Bei der Entscheidung gilt eine einfache Regel: Für trockene, rein mechanische Zylinder ist Graphitpulver meist die sichere Wahl. Für Schlösser im Außenbereich kann ein geeignetes Pflegespray zusätzlichen Schutz vor Feuchtigkeit und Korrosion bieten. Nach starkem Regen, Frost oder hoher Staubbelastung lohnt sich eine kurze Kontrolle. Dreht sich der Schlüssel nur schwer oder hakt der Riegel, sollte das Schloss frühzeitig gereinigt und passend gepflegt werden.
Die passende Pflege für Tür- und Elektronikschlösser
Elektronikschlösser benötigen eine besonders vorsichtige Wartung. Bei Schlössern mit Zahlencode, Fingerabdruckerkennung, Funkverbindung oder elektronischer Steuerung dürfen Pflegemittel niemals unkontrolliert in Gehäuse, Tastenfeld, Sensoren oder Batteriefächer gelangen. Flüssigkeit kann Kontakte beschädigen und die Funktion beeinträchtigen. Reinigen Sie sichtbare Oberflächen deshalb nur mit einem weichen, leicht angefeuchteten Tuch und trocknen Sie sie anschließend sorgfältig ab.

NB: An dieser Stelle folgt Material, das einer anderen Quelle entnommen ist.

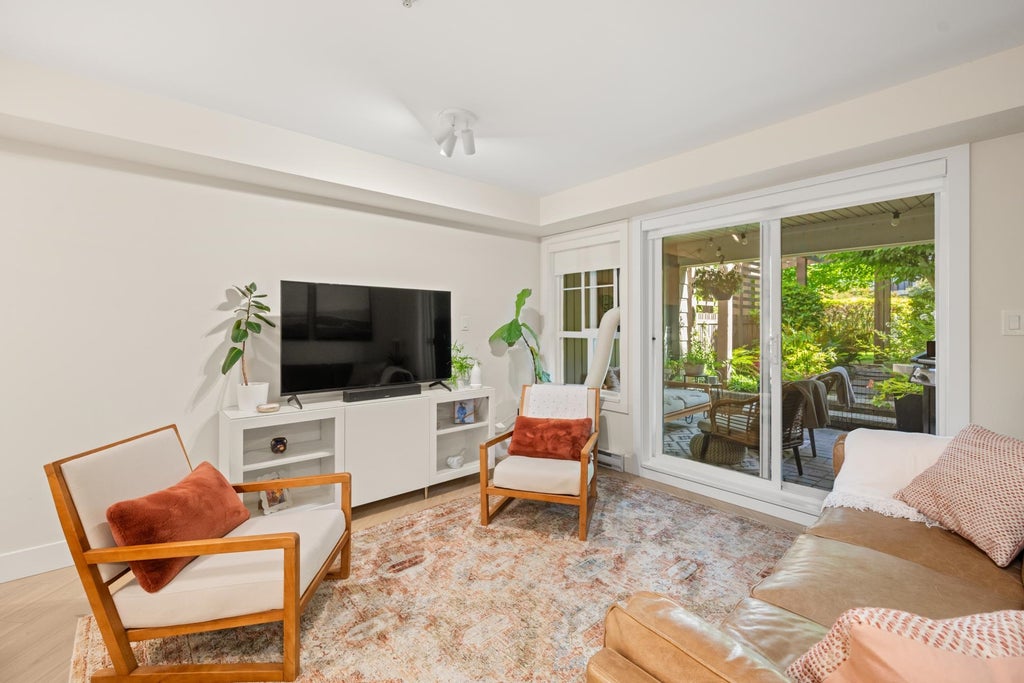 Photo of 19673 Meadow Gardens Way #104, Pitt Meadows, BC V3Y 0A1 (MLS # R3152047)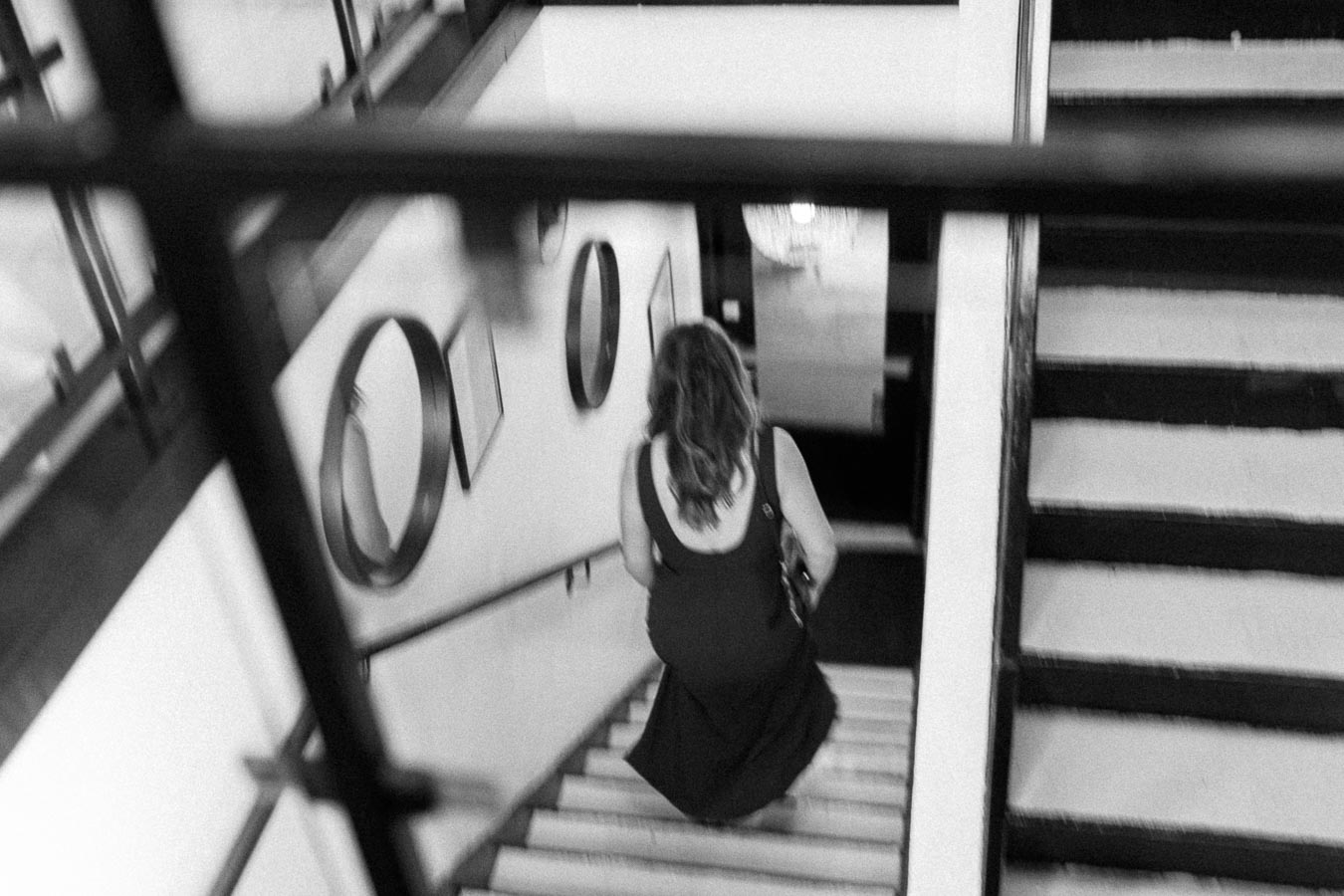 Black and white image of a woman in a dark dress descending a staircase, surrounded by modern decor and framed mirrors on the walls, capturing a candid moment in an elegant interior setting.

Viele elektronische Türschlösser besitzen weiterhin einen mechanischen Notzylinder. Dieser Zylinder darf bei Bedarf mit wenig Graphitpulver oder einem geeigneten Schlosspflegespray behandelt werden. Achten Sie darauf, das Mittel gezielt und sparsam einzusetzen. Decken Sie angrenzende elektronische Bauteile ab und vermeiden Sie kräftiges Einsprühen. Prüfen Sie danach die Schließfunktion mit Schlüssel, Riegel und gegebenenfalls Drehknauf.
Für Hotels, Gastronomiebetriebe und Verkaufsflächen ist ein fester Wartungsplan sinnvoll. Stark genutzte Türen, Lagerräume, Sanitärbereiche, Nebeneingänge und Zugangstüren zu Außenflächen sollten regelmäßig geprüft werden. Kontrollieren Sie Batteriestand, Türschließung, Befestigungsschrauben und die Funktion des Notzylinders. So bleiben elektronische Zutrittssysteme zuverlässig, die Sicherheit steigt und ungeplante Störungen im Betriebsablauf werden vermieden.
Pflegen Sie mechanische Schließzylinder bevorzugt mit Graphitpulver und setzen Sie Pflegespray nur gezielt sowie in geeigneter Ausführung ein. Bei Elektronikschlössern steht der Schutz empfindlicher Bauteile an erster Stelle. Wer Schlösser regelmäßig kontrolliert und frühzeitig wartet, verlängert ihre Lebensdauer und sorgt dauerhaft für einen sicheren, reibungslosen Zugang.